### [What to work on]
Set down each record that follows exactly. Drop the images.

### [Extracted records]

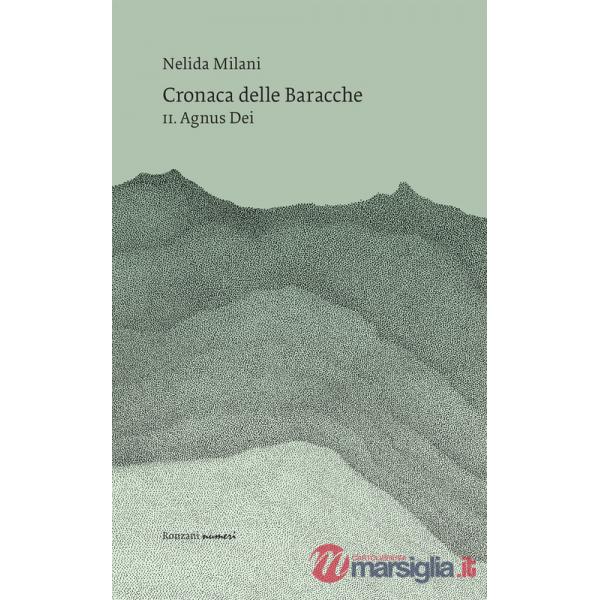 Cronaca delle Baracche. Vol. 2: Agnus Dei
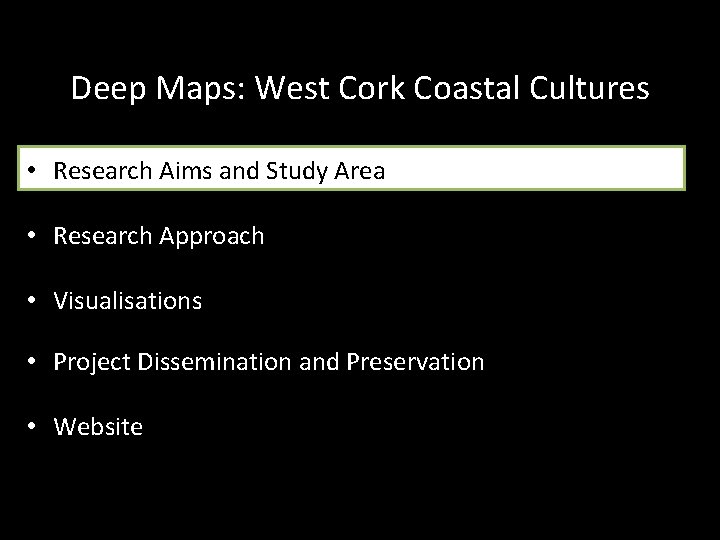 Deep Maps: West Cork Coastal Cultures • Research Aims and Study Area • Research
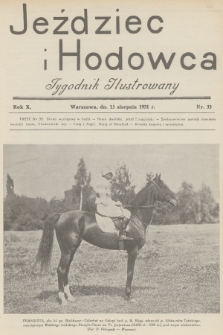 Jeździec i Hodowca : tygodnik ilustrowany. R.10, 1931, nr 33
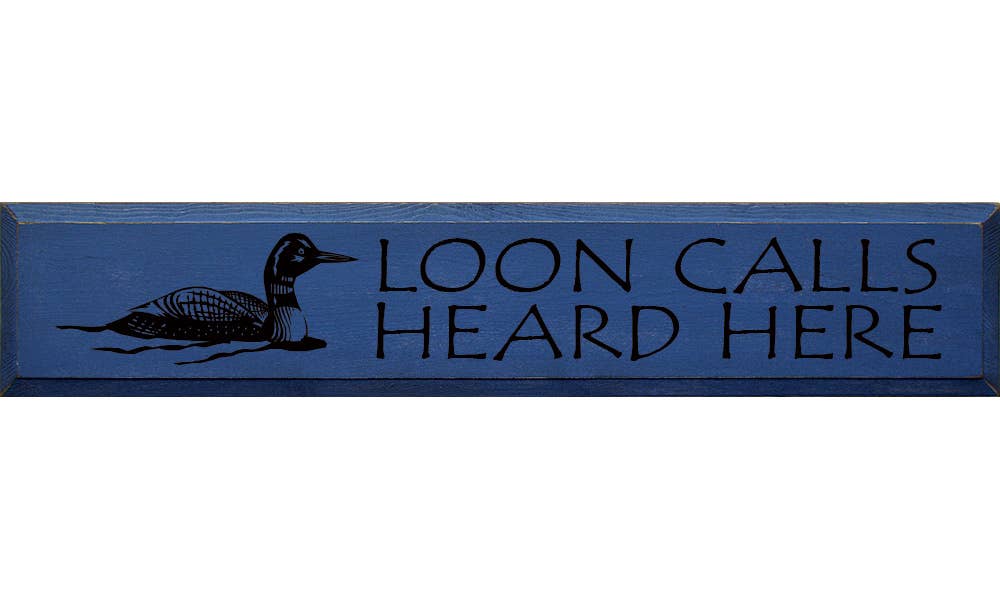 SAWDUST CITY - Wholesale Sign - Loon Calls Heard Here Rustic Wood Sign2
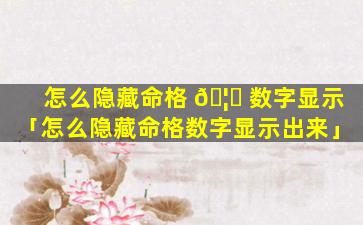 怎么隐藏命格 🦟 数字显示「怎么隐藏命格数字显示出来」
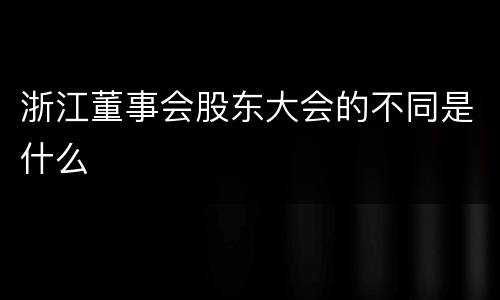浙江董事会股东大会的不同是什么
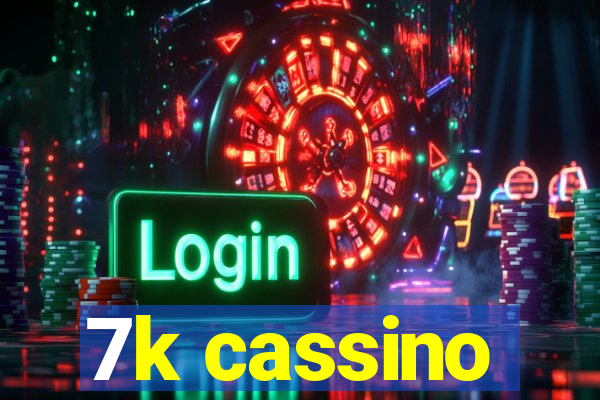 7k cassino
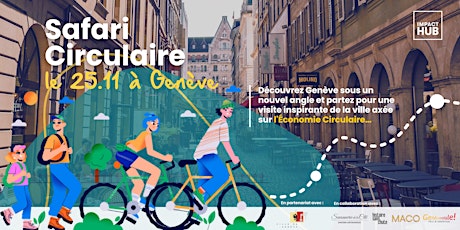 Imagen principal de Semaine du Climat : Safari Circulaire à Genève - MATIN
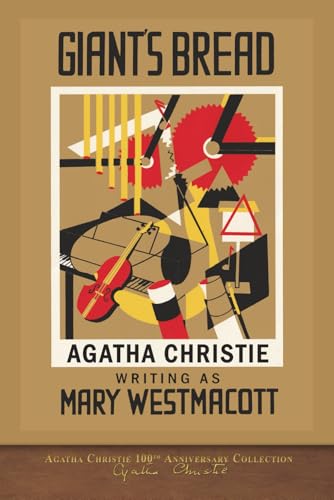 Giant's Bread: Agatha Christie 100th Anniversary Collection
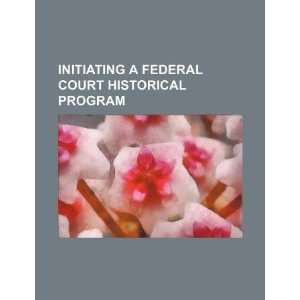  Initiating a federal court historical program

### [Answer to this problem]
 Cronaca delle Baracche. Vol. 2: Agnus Dei
 Deep Maps: West Cork Coastal Cultures • Research Aims and Study Area • Research
 Jeździec i Hodowca : tygodnik ilustrowany. R.10, 1931, nr 33
 SAWDUST CITY - Wholesale Sign - Loon Calls Heard Here Rustic Wood Sign2
 怎么隐藏命格 🦟 数字显示「怎么隐藏命格数字显示出来」
浙江董事会股东大会的不同是什么
 7k cassino
 Imagen principal de Semaine du Climat : Safari Circulaire à Genève - MATIN
 Giant's Bread: Agatha Christie 100th Anniversary Collection
  Initiating a federal court historical program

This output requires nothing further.